━━━━━ THE RECORDS ━━━━━

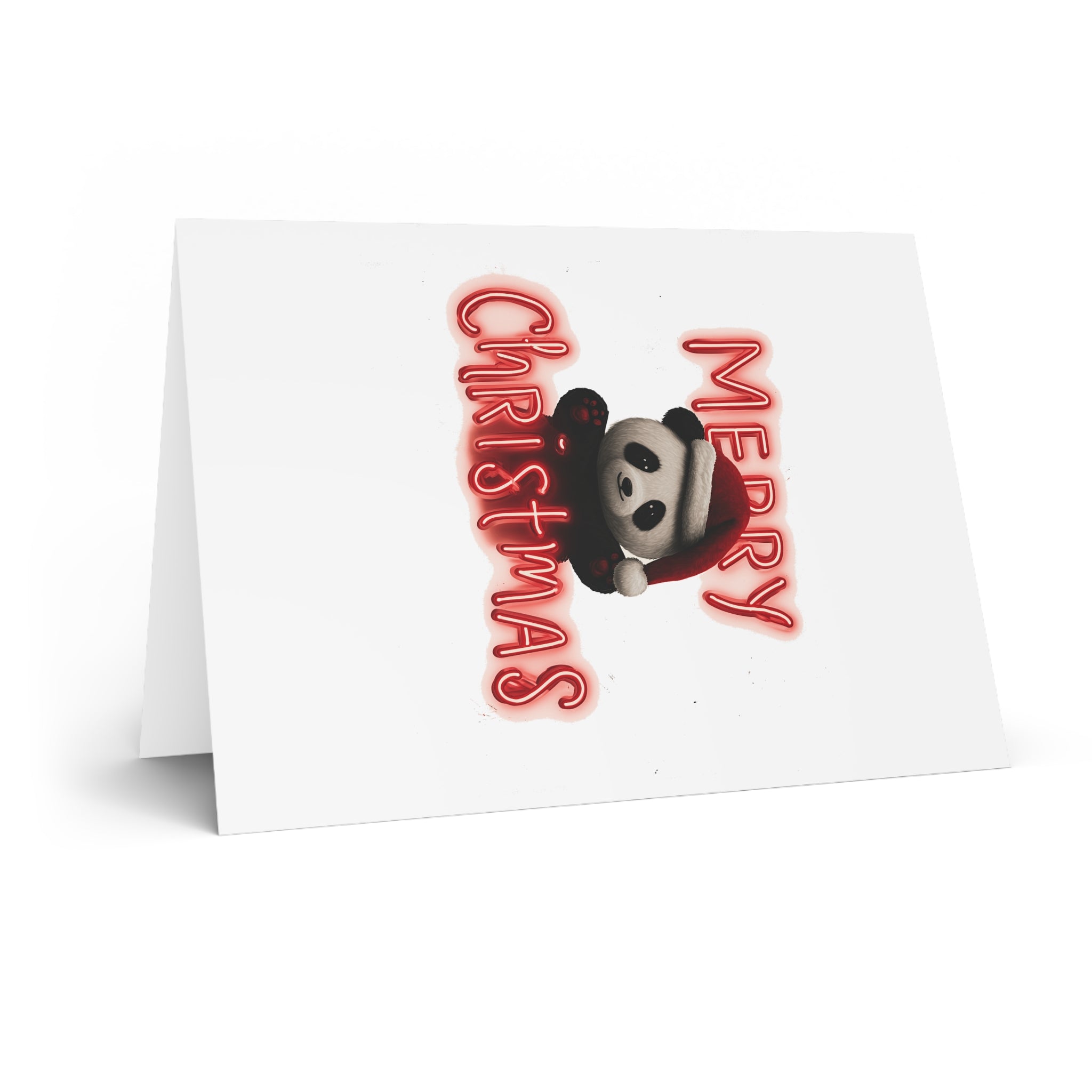 Holiday Panda Cheer: Festive Neon Christmas Greeting, Digital Cute Animal Illustration, Seasonal Whimsical Design | Custom Orders Accepted
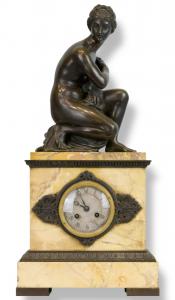 Orologio Da Tavolo In Bronzo E Marmo - Francia Metà XIX Secolo 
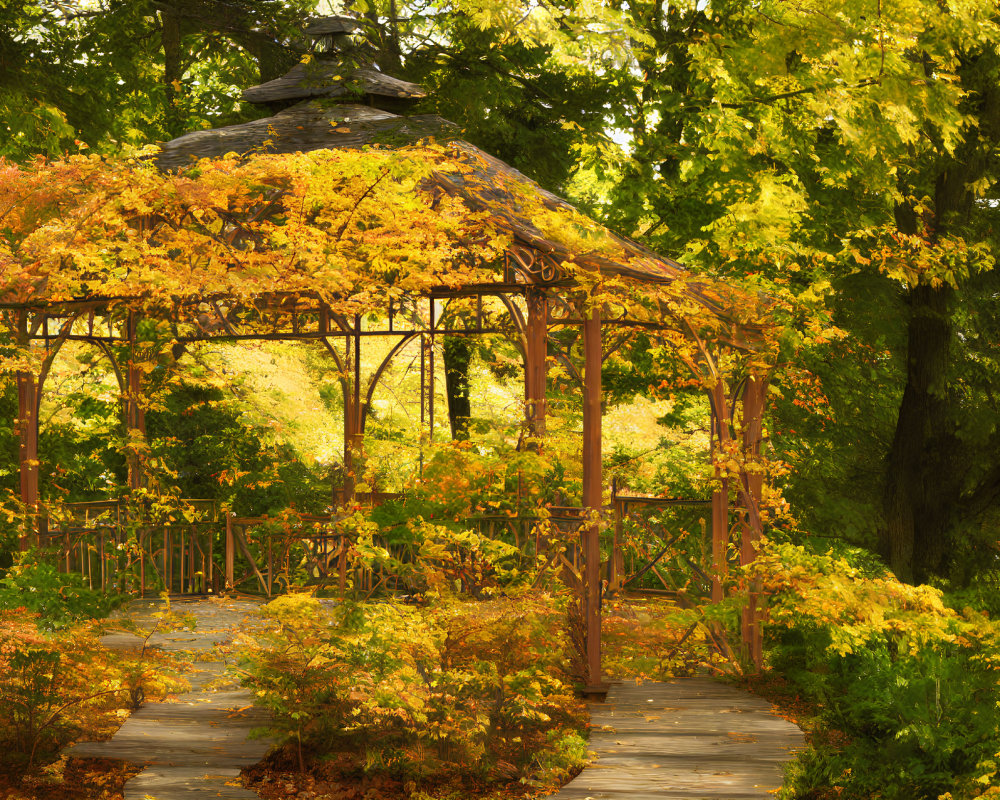 Wooden Gazebo Surrounded by Autumn Foliage and Pathway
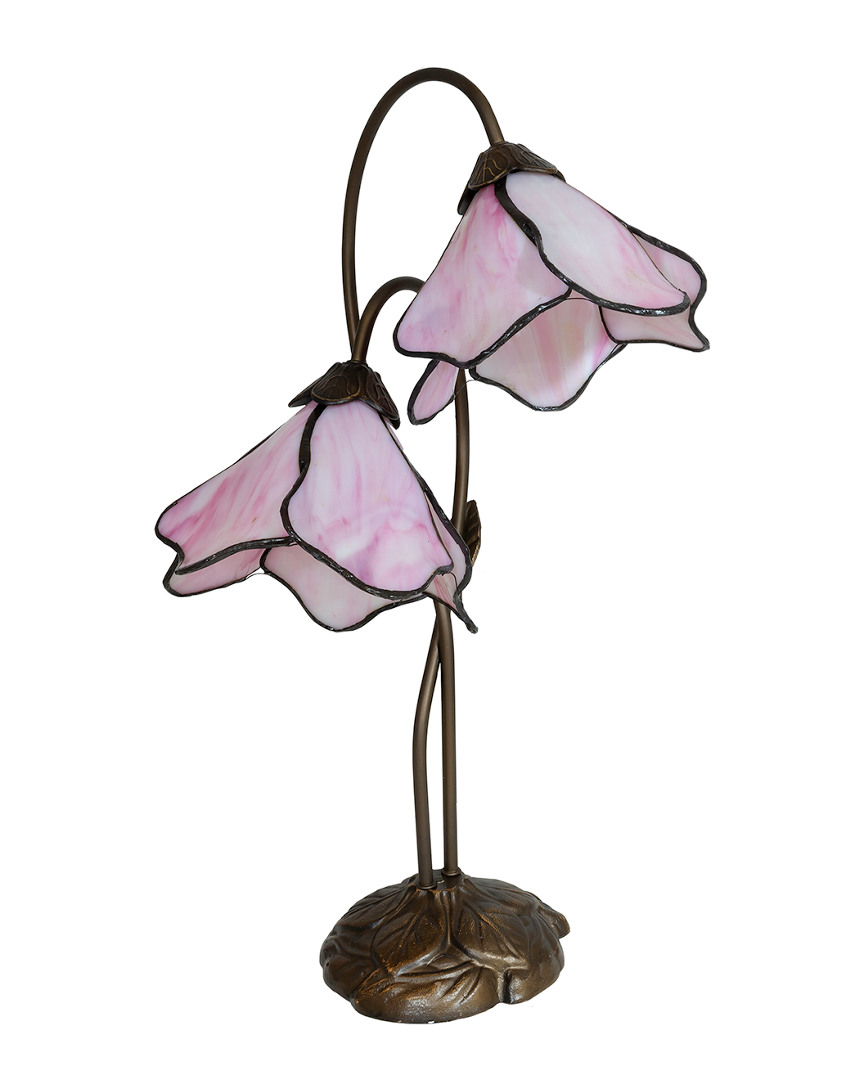Dale Tiffany Poelking 2-light Pink Lily Table Lamp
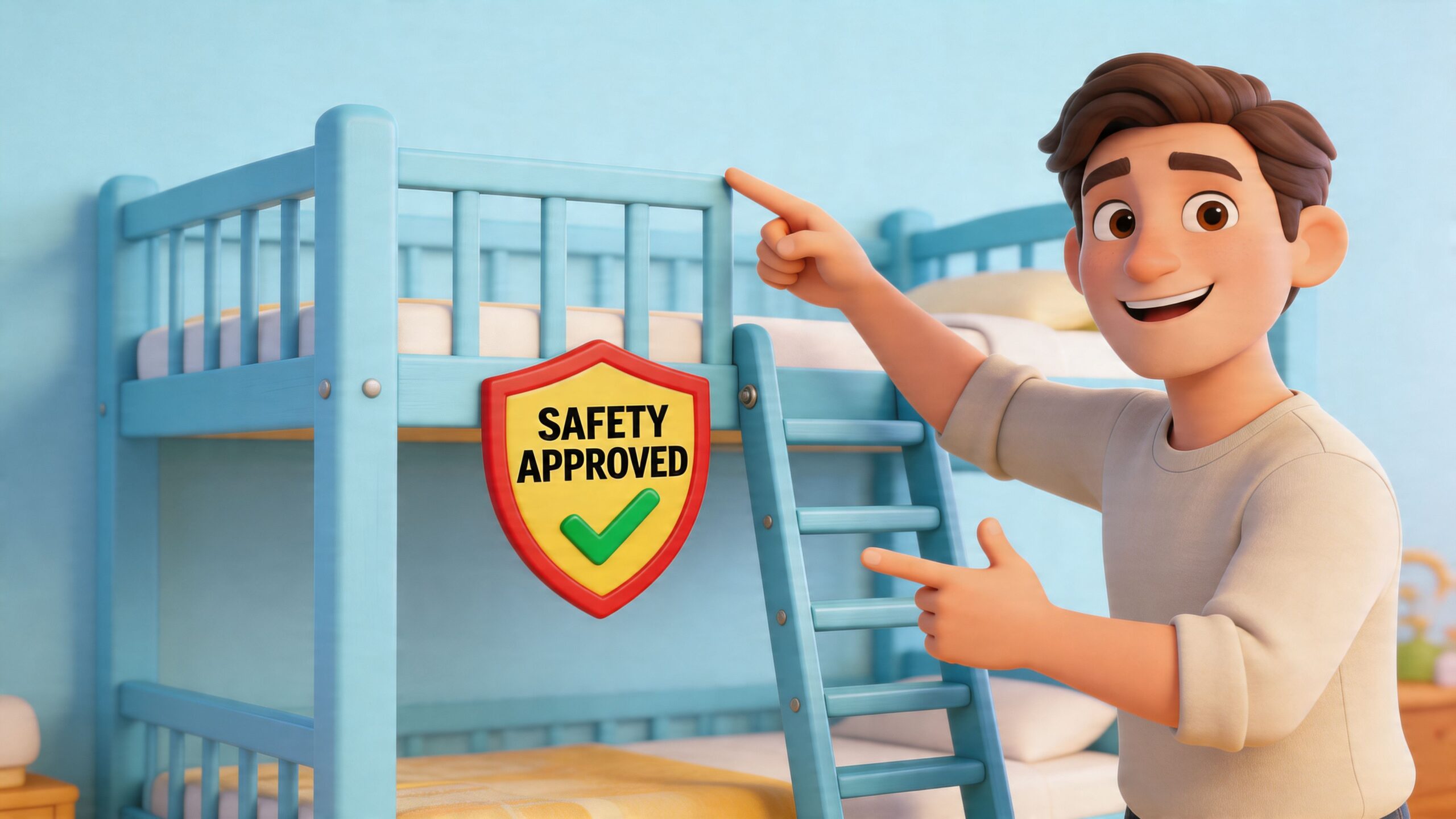 A friendly 3D cartoon character pointing at a light blue children's bunk bed with a safety approved shield.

━━━━━

## PROBLEM DESCRIPTION
All of the entries above are to be written out exactly, with no pictures.

## RESULT FOR THIS EXERCISE
 Holiday Panda Cheer: Festive Neon Christmas Greeting, Digital Cute Animal Illustration, Seasonal Whimsical Design | Custom Orders Accepted
 Orologio Da Tavolo In Bronzo E Marmo - Francia Metà XIX Secolo 
 Wooden Gazebo Surrounded by Autumn Foliage and Pathway
Dale Tiffany Poelking 2-light Pink Lily Table Lamp
 A friendly 3D cartoon character pointing at a light blue children's bunk bed with a safety approved shield.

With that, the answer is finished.